Reproduce only this range: the line holding "Danxen Dame Julie" through the last line of the data below, both included, exactly, with no pictures.

PROVIDED MATERIAL >>
[Start of section]

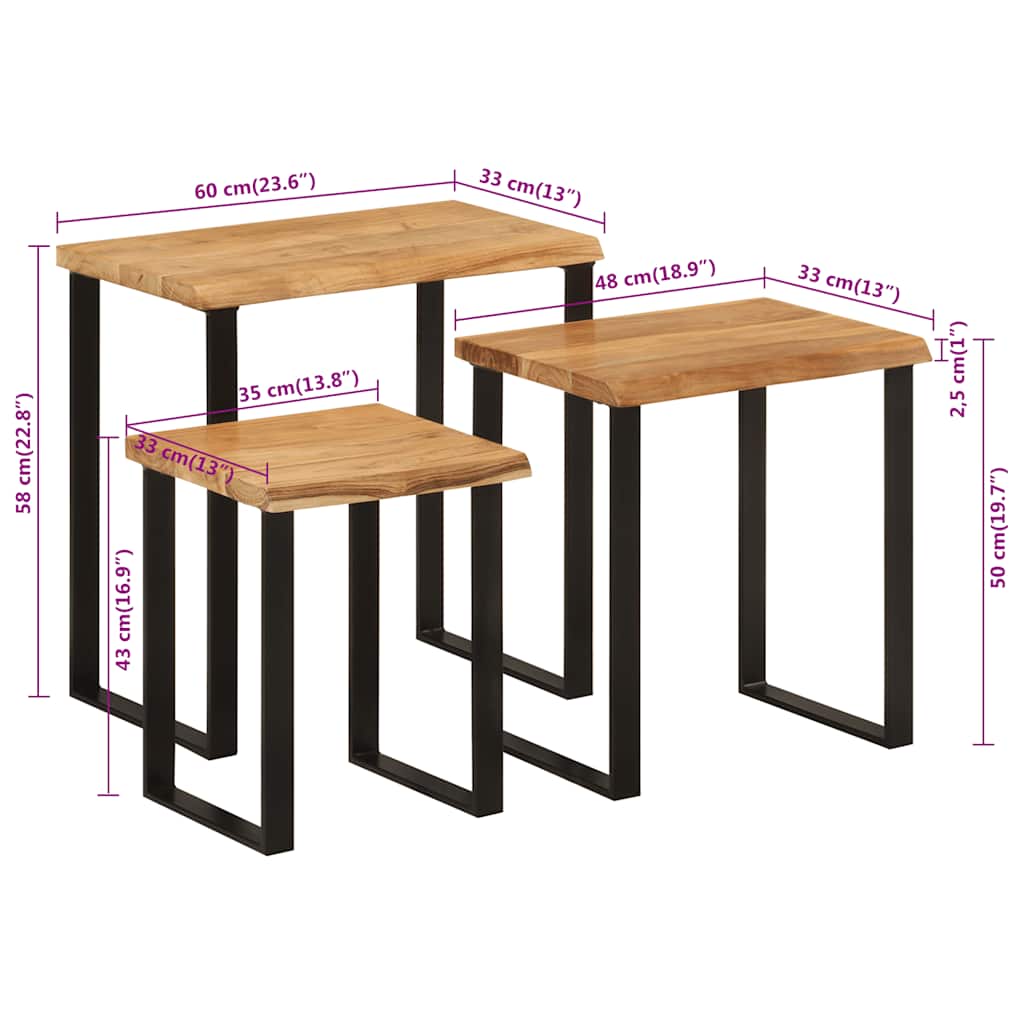 Nesting Tables 3 pcs with Live Edge Solid Wood Acacia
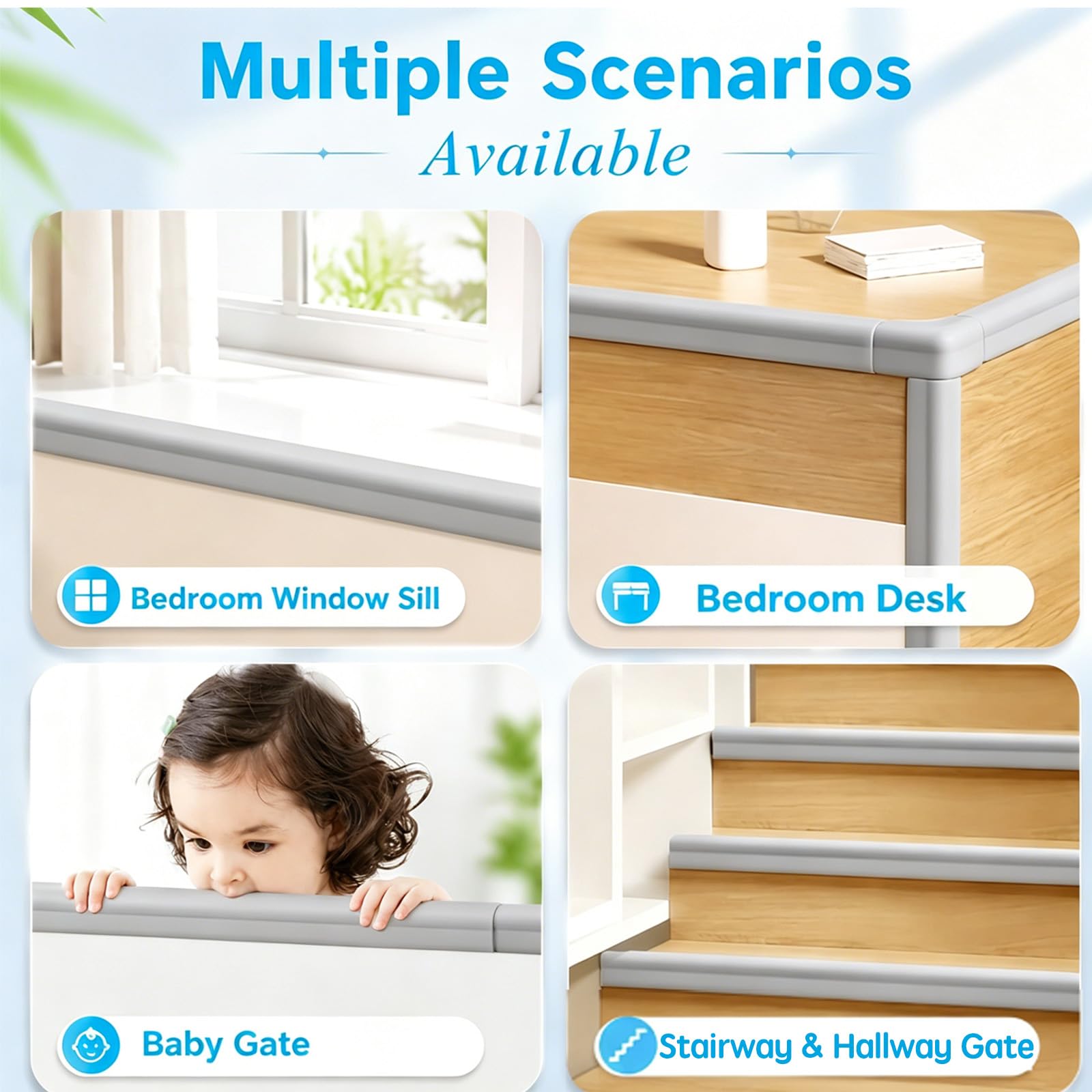Foam Baby Edge Protector Strip Furniture Safety 1.8inx6.56FT（Grey）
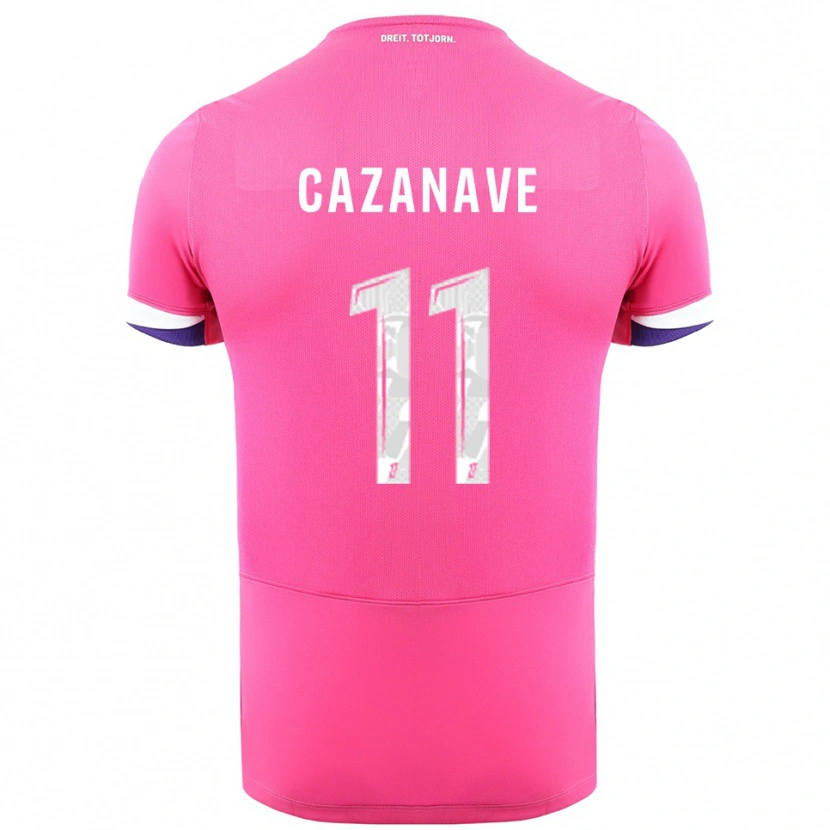 Danxen Dame Julie Cazanave #11 Rosa Hvit Bortetrøye Drakt Trøye 2025/26 Skjorter T-Skjorte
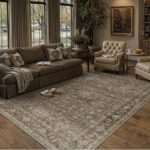 QGZXW 8x10 Vintage Brown Washable Rug - Image 5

[End of section]

TASK OUTPUT >>
 Danxen Dame Julie Cazanave #11 Rosa Hvit Bortetrøye Drakt Trøye 2025/26 Skjorter T-Skjorte
 QGZXW 8x10 Vintage Brown Washable Rug - Image 5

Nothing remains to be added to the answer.